Now take any point $X$ on the line. This will correspond to coordinates $(x,y)$. Now take a small change $dx$ to the left and add it to $x$.


This would mean that the co-ordinates of the new point would move to such that $x_1=x+ dx$ and similarly for $y_1=y + dy$

Difference in these two $y$ or $dy$ equals $$ \begin{aligned} (x+ dx)^2 - x^2 &= x^2-x^2+dx^2+2x\cdot dx \\ &= dx^2+2x\cdot dx \end{aligned} $$

Now as we make $dx$ smaller and smaller $dy$ also gets smaller. We could do this and stop just before the point $X$. Now change in $x$ would be only the point $x_1$ itself I.e. $dx = \text{Point } x_1$.

Since this is a $0$ dimensional quantity, we deduce the following:

$dx^2$ will become 0 as a point multiplied by itself is the point itself(as it is in 2 dimension, I am not saying that the point itself has no value).

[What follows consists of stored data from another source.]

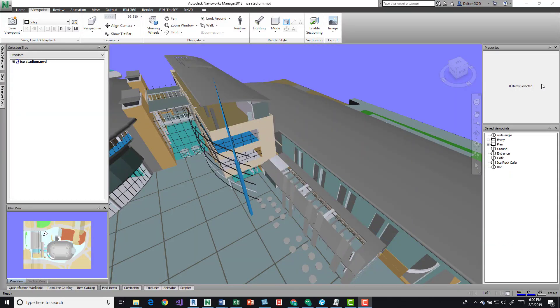Hey, so I want to talk about adding data to Navisworks elements. It's not the most intuitive way to add data, but it's a possibility if it's something you need to do or want to do within Navisworks.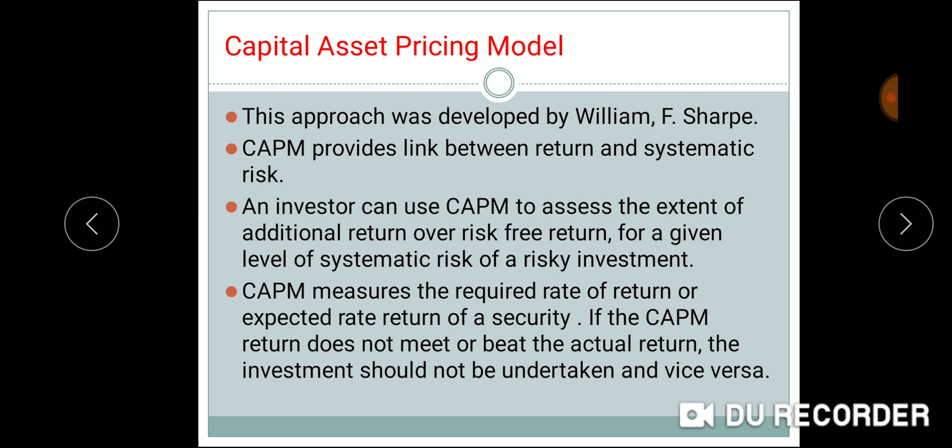We are talking about the investment definition. According to Sharp, investment is the sacrifice of certain present value for some uncertain future value. That definition is by William F. Sharp, who developed the Capital Asset Pricing Model. This is a Nobel Prize winning model.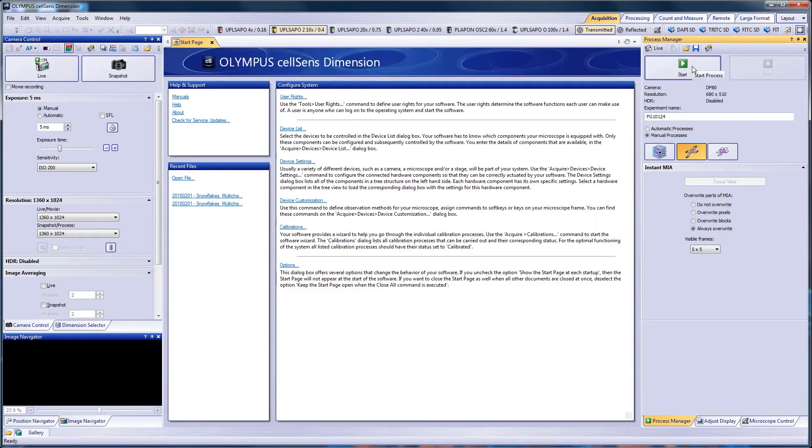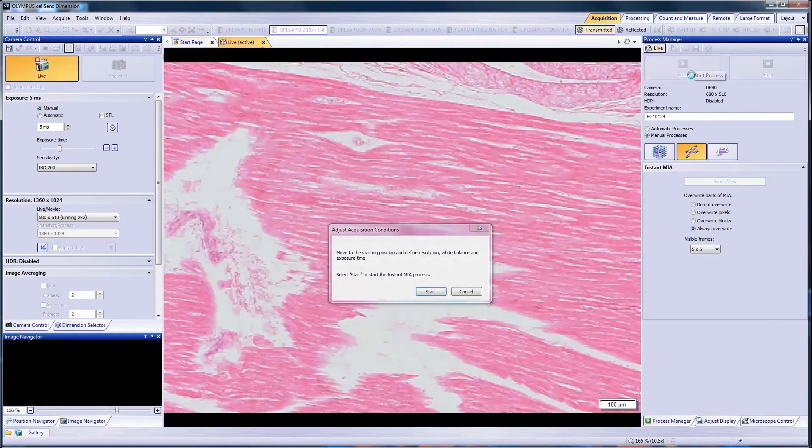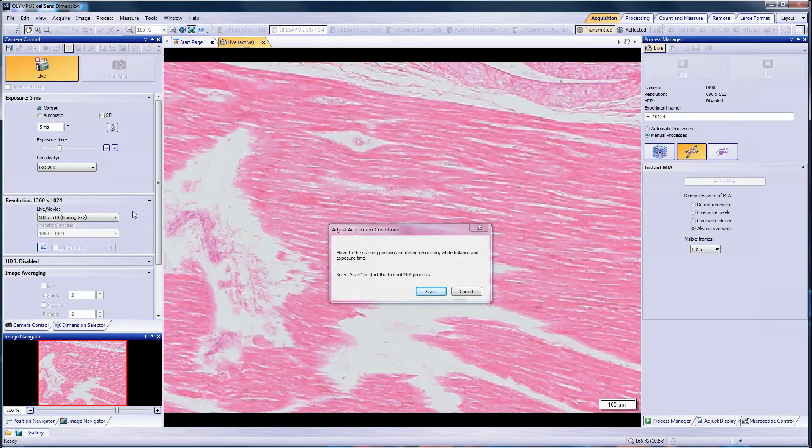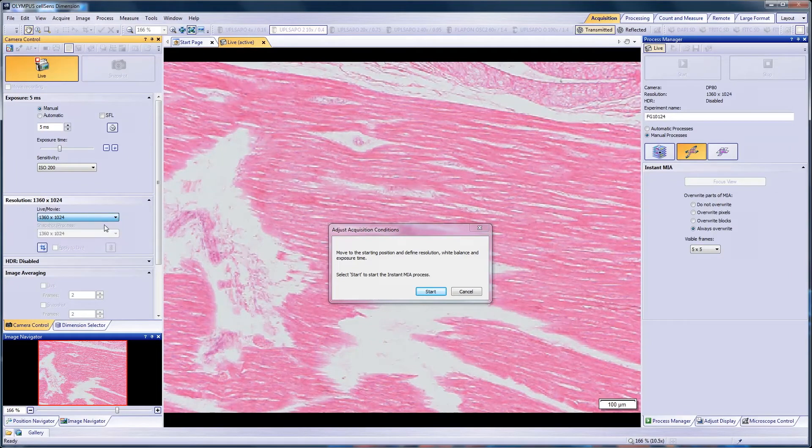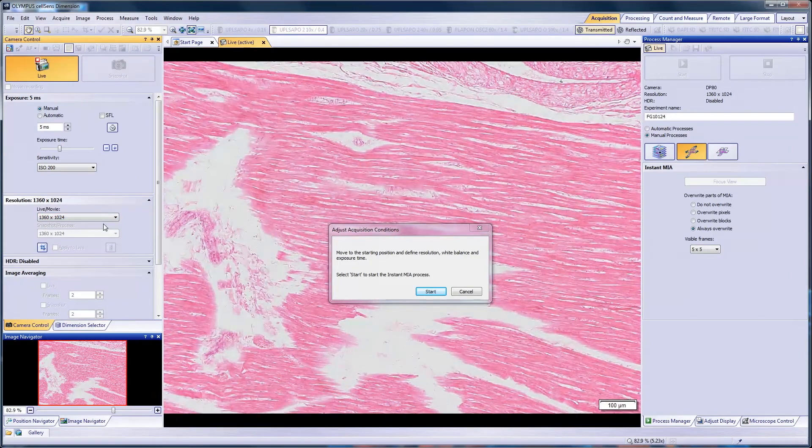Once you have defined your settings, press Start. The software will have you confirm your focus and acquisition settings.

Now $dy/dx=2x$ or for every unit time we experience a change of $2x$.

Questions:

  1. Is my use of $dx$ as a point right?

  2. Is my postulate that the distance between two consecutive points is the smallest value there is on a line correct? And if so is it what mathematicians mean by instantaneous rate of change?

  3. Following 2. does this sidestep the paradox of how there exists instantaneous change by describing this change with respect to another point I.e. the point immediately next to it?

  4. So Finally is all a derivative is, is a formula derived from differences between two $y$ values by using the fact that they all have a particular way of increasing (ex. for function of area of circle they increase by its perimeter no matter what $x$ is)?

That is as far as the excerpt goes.